У нее возникло знакомое чувство – как будто падаешь. Миссис Граффман смотрела на нее излишне пристально, словно Тибби могла сказать что-то важное.
– Какой ужас, – неловко пробормотала она.
Тибби заставила себя вернуться наверх. В искательном взгляде матери больного ребенка было что-то слишком горькое.
Она приостановилась у двери Бейли, покрутила в руке бокал с апельсиновым соком. Ей было тошно от того, что она наговорила всяких гадостей. Конечно, Бейли первая начала, но ведь у Бейли лейкемия.

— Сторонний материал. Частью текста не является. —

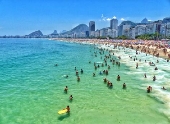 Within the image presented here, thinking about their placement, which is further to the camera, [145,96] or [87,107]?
[145,96]

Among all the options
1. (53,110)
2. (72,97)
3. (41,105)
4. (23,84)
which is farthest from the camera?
(23,84)

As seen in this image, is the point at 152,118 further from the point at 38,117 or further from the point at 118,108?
the point at 38,117

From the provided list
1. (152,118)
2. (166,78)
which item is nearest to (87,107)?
(152,118)

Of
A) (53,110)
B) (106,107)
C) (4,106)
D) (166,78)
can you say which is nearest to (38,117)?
(53,110)

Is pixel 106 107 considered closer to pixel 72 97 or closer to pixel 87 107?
pixel 87 107

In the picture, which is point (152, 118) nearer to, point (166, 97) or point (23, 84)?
point (166, 97)

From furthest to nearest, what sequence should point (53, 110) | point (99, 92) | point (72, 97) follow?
point (99, 92) < point (72, 97) < point (53, 110)

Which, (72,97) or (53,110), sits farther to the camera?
(72,97)

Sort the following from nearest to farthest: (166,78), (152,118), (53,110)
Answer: (152,118) → (53,110) → (166,78)

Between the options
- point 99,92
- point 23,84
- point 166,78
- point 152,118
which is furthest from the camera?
point 166,78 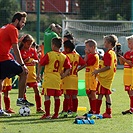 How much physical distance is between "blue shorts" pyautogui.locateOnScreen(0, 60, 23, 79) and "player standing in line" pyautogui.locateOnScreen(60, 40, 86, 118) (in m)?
1.01

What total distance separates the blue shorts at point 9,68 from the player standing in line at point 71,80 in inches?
39.6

Бейли сидела в постели с таким видом, будто снова рвется в бой.
Тибби соорудила на лице некоторое подобие доброй дружеской улыбки. Вручила Бейли таблетки.
– Так что, ты соврала – прибавила себе лет, чтобы получить работу в «Уоллмене»? – спросила Бейли. – Там вроде только с пятнадцати берут.
Тибби откашлялась, следя, чтобы улыбка случайно не сошла.
– Вот именно, а мне и есть пятнадцать.
Бейли была явно раздосадована.
– Тебе не дашь пятнадцати.
Улыбка стала совсем напряженной. Тибби не помнила, как должна ощущаться нормальная улыбка. Эта, видимо, превратилась в оскал.
– Да, все говорят, – тихо проговорила Тибби. Ей отчаянно хотелось уйти.
Глаза у Бейли вдруг наполнились слезами. Тибби отвела взгляд.
– Она тебе сказала, да? – сердито спросила Бейли.
– Что сказала? – спросила Тибби у одеяла.
Она ненавидела себя за то, что притворяется, будто не знает того, что ей прекрасно известно. Сама Тибби терпеть не могла, когда другие так делали.
– Что я больна! – Твердое выражение лица выходило у Бейли примерно так же, как дружеская улыбка у Тибби.
– Нет, – выдавила Тибби и отругала себя за трусость.
– Не думала, что ты еще и врунья! – выпалила в ответ Бейли.
Взгляд Тибби, шаривший вокруг в поисках любой цели, кроме лица Бейли, упал на лежавший на покрывале лоскут сетчатой ткани, в который была воткнута иголка с красной ниткой. Аккуратные стежки складывались в «ТЫ МОЯ» – что? Радость? Все это показалось Тибби трагическим и почему-то жалким.
– Я, наверно, пойду, – еле слышно прошептала она.
– Супер. Проваливай, – сказала Бейли.
– Ладно. До скорого, – механически проговорила Тибби. И зашаркала к двери.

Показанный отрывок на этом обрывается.